Born in Columbus, Ohio, in 1977, Maggie Smith is the author of three books of poetry: Good Bones (Tupelo Press, 2017), named one of the Best Five Poetry Books of 2017 by the Washington Post and winner of the 2018 Independent Publisher Book Awards Gold Medal in Poetry; The Well Speaks of Its Own Poison (Tupelo Press, 2015), winner of the 2012 Dorset Prize and the 2016 Independent Publisher Book Awards Gold Medal in Poetry; and Lamp of the Body (Red Hen Press, 2005), winner of the 2003 Benjamin Saltman Award. Smith is also the author of three prizewinning chapbooks: Disasterology (Dream Horse Press, 2016); The List of Dangers (Kent State/Wick Poetry Series, 2010); and Nesting Dolls (Pudding House, 2005).

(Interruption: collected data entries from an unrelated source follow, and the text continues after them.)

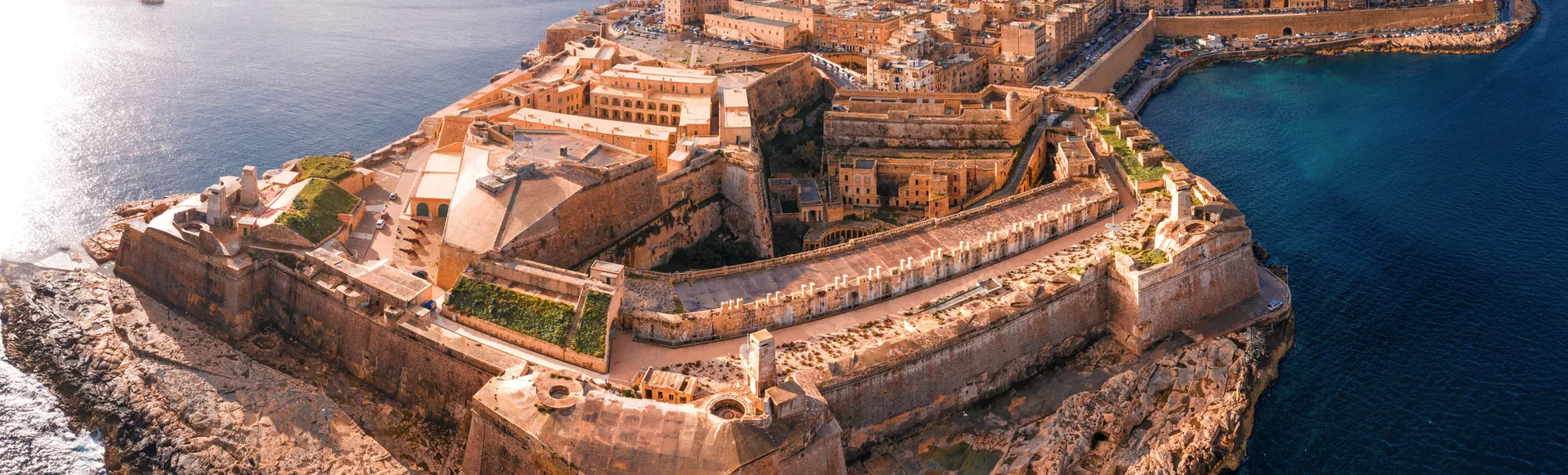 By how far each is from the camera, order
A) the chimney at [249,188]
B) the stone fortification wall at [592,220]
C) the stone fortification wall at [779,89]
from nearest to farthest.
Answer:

A 2011 recipient of a Creative Writing Fellowship from the National Endowment for the Arts, Smith has also received six Individual Excellence Awards from the Ohio Arts Council, two Academy of American Poets Prizes, and fellowships from the Sustainable Arts Foundation and the Virginia Center for the Creative Arts. Her poems have been widely published and anthologized, appearing in Best American Poetry, the New York Times, Tin House, The Believer, The Paris Review, Ploughshares, Kenyon Review, The Gettysburg Review, Guernica, The Iowa Review, The Southern Review, and Virginia Quarterly Review.
In 2016 Maggie Smith’s poem “Good Bones” went viral internationally, receiving coverage in the Washington Post, the Guardian, the Telegraph, Slate, Huffington Post Italia, and elsewhere. To date it has been translated into nearly a dozen languages; interpreted by a dance troupe in Chennai, India; and set to music by multiple composers. PRI (Public Radio International) called it “the official poem of 2016.” In 2017 the poem was featured on an episode of the CBS primetime drama Madam Secretary, also called “Good Bones,” and was read by Meryl Streep at Lincoln Center.
Smith holds a BA from Ohio Wesleyan University and an MFA from The Ohio State University. She has taught creative writing at Gettysburg College, Ohio Wesleyan University, and in the MFA program at The Ohio State University, and she worked for several years in trade book and educational publishing. She now lives with her husband and two children in Bexley, Ohio, where she works as a freelance writer and editor, and serves as a Consulting Editor to the Kenyon Review.